Dura è la vita per chi non fa soldi coi propri film. Ma dura è anche per quelli che ne fanno: GUERRE STELLARI e LO SQUALO furono accolti come divertimenti per bambocci. Mentre erano dei film scritti con una intelligenza ed una logica superiore alla media. Ora è la volta di questo KRAMER, da molti squalificato come una nuova LOVE STORY strappalacrime.

Ci andrei un po' piano. Robert Benton non è un frillo qualsiasi: ha scritto le sceneggiature di BONNIE AND CLYDE e di UOMINI E COBRA rispettivamente di Penn e di Mankiewicz, due capolavori. E girato un giallo, THE LATE SHOW che se andarono in pochi a vederlo, non è colpa sua. Ma che era un'opera splendidamente dissacrante, la storia di un vecchio detective malandato, costretto a rimettersi al lavoro malgrado i reumatismi, zeppa di riferimenti al mito del giallo cinematografico. Chiaro che ora, con KRAMER ha mirato al centro del bersaglio: e gli è riuscito proprio quello che serve oggi ad interessare la gente. Una storia attuale, di quelle che capitano a tutti, vista esattamente secondo l'aria che tira.

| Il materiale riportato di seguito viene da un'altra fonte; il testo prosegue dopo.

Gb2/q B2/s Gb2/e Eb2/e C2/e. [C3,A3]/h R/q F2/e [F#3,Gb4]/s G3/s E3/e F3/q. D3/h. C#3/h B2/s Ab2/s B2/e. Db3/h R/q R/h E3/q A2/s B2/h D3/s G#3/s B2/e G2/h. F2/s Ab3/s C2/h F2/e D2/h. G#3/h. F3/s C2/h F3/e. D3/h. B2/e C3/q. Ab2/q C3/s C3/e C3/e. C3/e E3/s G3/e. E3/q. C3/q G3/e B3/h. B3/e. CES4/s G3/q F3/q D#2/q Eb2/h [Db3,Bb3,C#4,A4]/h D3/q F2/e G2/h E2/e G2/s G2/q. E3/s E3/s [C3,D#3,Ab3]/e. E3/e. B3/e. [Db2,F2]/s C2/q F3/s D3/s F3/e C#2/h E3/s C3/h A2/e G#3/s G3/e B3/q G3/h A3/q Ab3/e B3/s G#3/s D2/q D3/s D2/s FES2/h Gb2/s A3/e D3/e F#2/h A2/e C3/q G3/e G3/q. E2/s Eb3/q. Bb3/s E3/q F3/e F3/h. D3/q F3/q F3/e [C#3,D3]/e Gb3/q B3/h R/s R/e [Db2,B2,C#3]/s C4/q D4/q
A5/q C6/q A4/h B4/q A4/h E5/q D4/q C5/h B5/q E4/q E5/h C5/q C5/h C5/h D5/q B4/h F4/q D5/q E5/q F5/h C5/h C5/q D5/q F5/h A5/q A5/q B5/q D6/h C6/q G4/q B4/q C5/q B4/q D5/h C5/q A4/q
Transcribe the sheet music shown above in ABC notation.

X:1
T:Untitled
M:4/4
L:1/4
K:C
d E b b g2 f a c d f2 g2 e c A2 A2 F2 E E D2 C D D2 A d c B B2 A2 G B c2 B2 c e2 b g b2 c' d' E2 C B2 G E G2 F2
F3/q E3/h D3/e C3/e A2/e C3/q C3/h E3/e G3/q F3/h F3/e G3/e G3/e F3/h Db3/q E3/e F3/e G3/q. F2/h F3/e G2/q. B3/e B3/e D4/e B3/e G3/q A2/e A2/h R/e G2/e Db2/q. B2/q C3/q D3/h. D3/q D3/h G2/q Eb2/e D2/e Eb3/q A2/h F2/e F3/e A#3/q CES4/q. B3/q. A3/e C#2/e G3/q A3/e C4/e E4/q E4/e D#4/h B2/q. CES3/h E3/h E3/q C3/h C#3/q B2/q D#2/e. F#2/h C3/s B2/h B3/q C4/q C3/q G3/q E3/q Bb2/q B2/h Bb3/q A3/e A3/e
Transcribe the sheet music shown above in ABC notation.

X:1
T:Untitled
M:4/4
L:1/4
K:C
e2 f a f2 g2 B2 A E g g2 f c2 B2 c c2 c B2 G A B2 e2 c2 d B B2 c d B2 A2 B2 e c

La conoscete già: la moglie (Meryl Streep) abbandona il cosiddetto tetto coniugale per trovarsi un lavoro; e quel posto al sole nei rapporti umani che aveva invano reclamato al marito durante i cinque anni di matrimonio (lui lavorava troppo sodo per avere il tempo di accorgersene). Lui, di conseguenza, rimane solo col ragazzino, affronta le difficoltà iniziali del cuocere le uova in padella, poi riesce perfettamente nel ruolo di padre. Ma, avendo solo due braccia, peggiora contemporaneamente la propria situazione professionale. Lei, ricompare in scena dopo un anno e mezzo, e reclama il bambino ("sono la mamma"). Processo (non si capisce bene perché non si accordino bonalmente - ma insomma, ci offre la parte migliore del film) e, nella buona tradizione, il giudice dà ragione alla madre. Insomma: se la giustizia ci è arrivata a riconoscere alla donna il diritto alla professione, ci vorrà ancora un momento prima che riconosca all'uomo quello dell'educazione dei figli. Finale: Benton concede alle sue creature maggiore buonsenso che non ai giudici. E la donna rinuncerà di sua iniziativa a strappare il bambino al marito. Due inadattati sono già abbastanza, inutile crearne un terzo. Tratta da un romanzetto qualsiasi, la vicenda di Kramer mi sembra quindi comune (che male c'è?) ma sicuramente non nociva. La sua forza sta proprio nell'equilibrio col quale considera le esigenze dei tre individui in causa. Leggo sul quotidiano locale che alla donna sono addebitate le colpe della disgregazione familiare, che il film "mette in discussione le tesi femministe circa il necessario impegno sociale della donna". A me pare proprio il contrario.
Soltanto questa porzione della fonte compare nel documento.